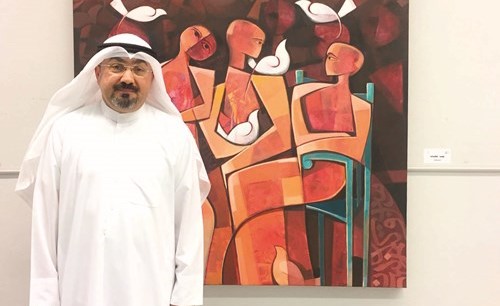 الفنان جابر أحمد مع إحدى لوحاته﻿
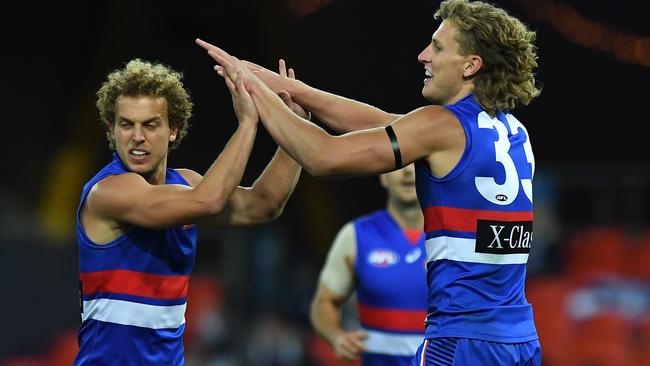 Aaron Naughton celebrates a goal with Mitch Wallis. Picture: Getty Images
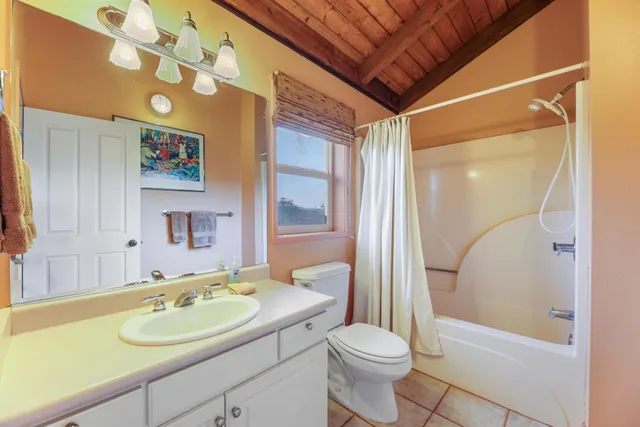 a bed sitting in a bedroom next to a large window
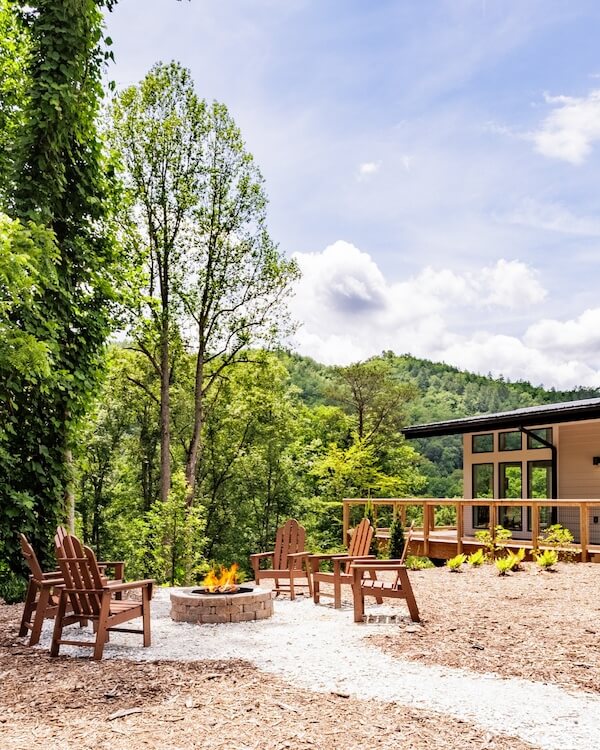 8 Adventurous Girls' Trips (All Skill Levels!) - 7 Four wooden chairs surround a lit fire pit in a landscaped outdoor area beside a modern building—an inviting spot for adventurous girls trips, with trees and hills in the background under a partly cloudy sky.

+ + + + + + +

▶ **TASK GOAL**
Find the line with "Aaron Naughton celebrates". Return it and each line after it through the end of the data, exactly, without pictures.

▶ **RESULT FOR THIS TASK**
 Aaron Naughton celebrates a goal with Mitch Wallis. Picture: Getty Images
 a bed sitting in a bedroom next to a large window
 8 Adventurous Girls' Trips (All Skill Levels!) - 7 Four wooden chairs surround a lit fire pit in a landscaped outdoor area beside a modern building—an inviting spot for adventurous girls trips, with trees and hills in the background under a partly cloudy sky.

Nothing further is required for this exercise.